*** DATASET CONTENT Section Begins ***

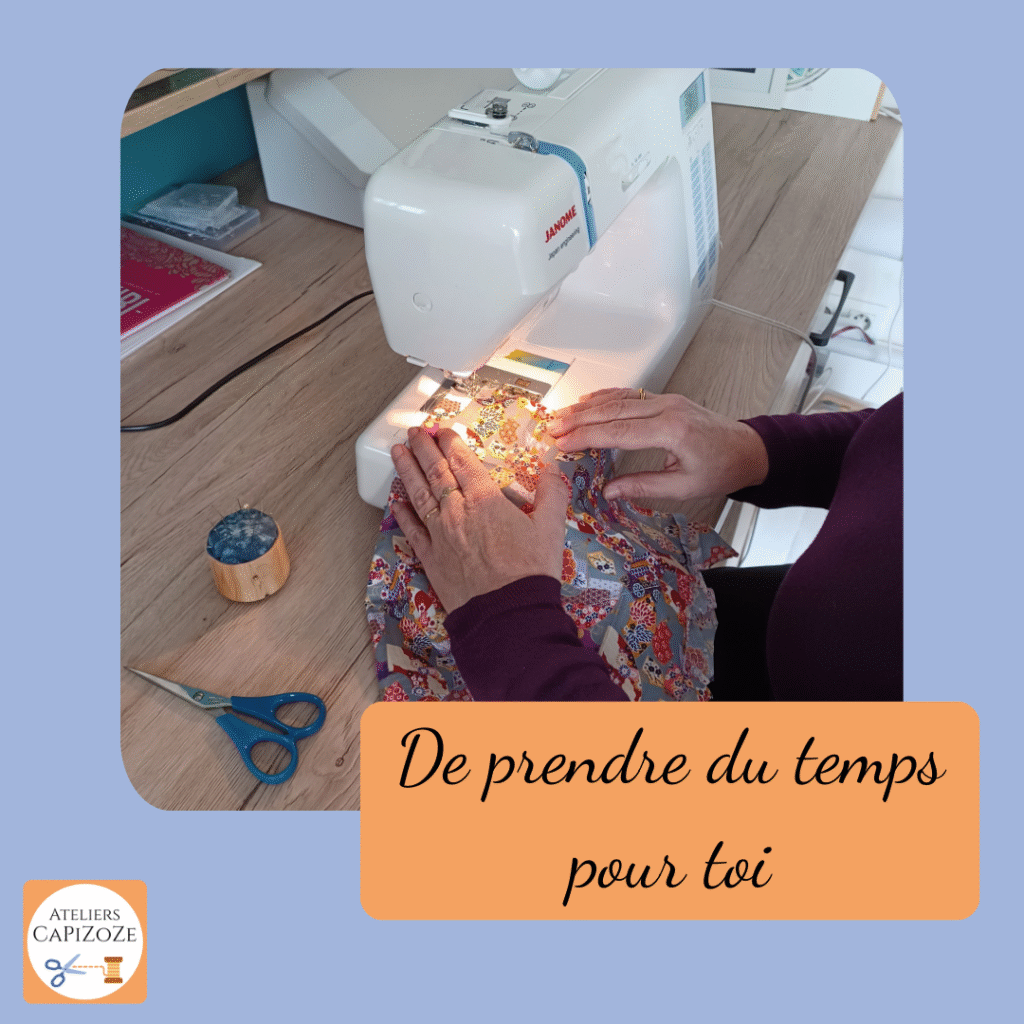 cours de couture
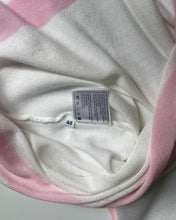 Load image into Gallery viewer, Chanel Circa 2000 White &amp; Pink Knit Top
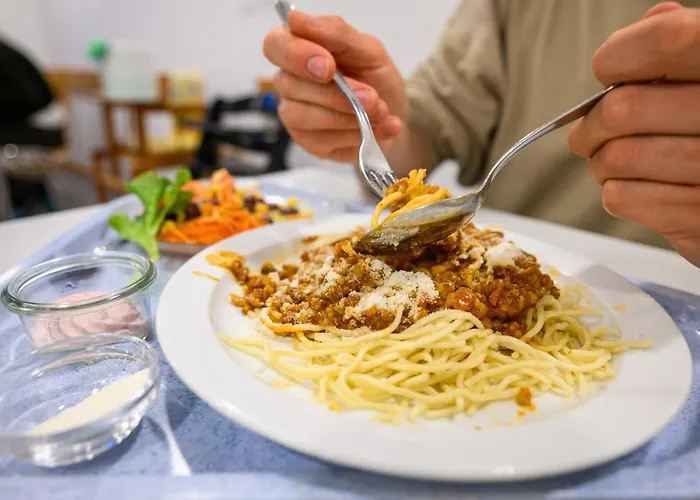 Otto-moericke-turm Ostello *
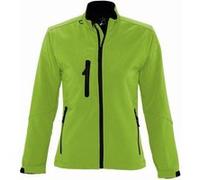 SOLS - Veste softshell ROXY - Femme (XL) (Vert clair) - UTPC348 Vert Clair, Vert G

*** DATASET CONTENT Section Ends ***

What you need to retype is every line from the one that has "Load image into" through the last line of the listing, both included, with the pictures left out.

 Load image into Gallery viewer, Chanel Circa 2000 White &amp; Pink Knit Top
 Otto-moericke-turm Ostello *
 SOLS - Veste softshell ROXY - Femme (XL) (Vert clair) - UTPC348 Vert Clair, Vert G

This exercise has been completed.